MIAMI -- On a visit to Moscow in 2002, then-U.S. Attorney General John Ashcroft trumpeted on television that "we have captured a known terrorist" who was plotting to blow up a radioactive "dirty bomb" in the United States.

The suspect: Jose Padilla, a U.S. citizen who became a Muslim while living in Florida.

Ashcroft branded Padilla an "Al Qaeda operative," and he was held for more than three years without charges as one of a few U.S. citizens designated as so-called enemy combatants in the war on terrorism.

But faced with a risky legal showdown over his detention, the administration tossed Padilla into the federal court system -- confident that Miami prosecutors could convict him of being a recruit for an alleged south Florida terrorist cell.

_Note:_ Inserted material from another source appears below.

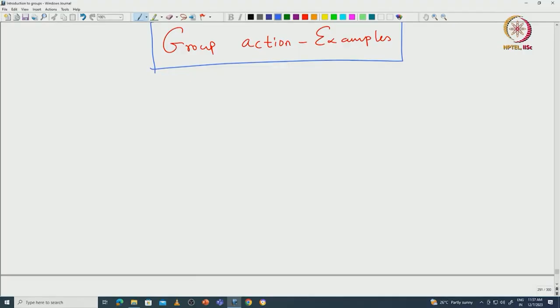Welcome back everyone. In this lecture I will continue with the definition of group action and we will also see some examples of group actions. Let us recall what we defined.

Now the case against Padilla, 35, is shrinking under the scrutiny of U.S. District Judge Marcia Cooke.

Last week, she threw out the first count in the indictment -- that Padilla and two other Muslim men "conspired to murder, kidnap and maim persons in a foreign country ... to advance violent jihad." She found that it repeated charges in other counts that alleged that they agreed to support terrorists overseas -- a violation of the Constitution.

An open-and-shut case?

Cooke's ruling, which the U.S. Attorney's Office will appeal, eliminates the possibility of life sentences for the three defendants. If Padilla, Adham Amin Hassoun and Kifah Wael Jayyousi are convicted on the remaining terrorism charges in January, they could face up to 15 years in prison.

So what was presented as an open-and-shut terrorism case is proving much harder to prosecute, legal experts say.

Carl Tobias, a constitutional scholar at the University of Richmond School of Law in Virginia who has followed Padilla's legal odyssey, said his prosecution "falls into the category of terror cases that ... don't deliver on what they promised."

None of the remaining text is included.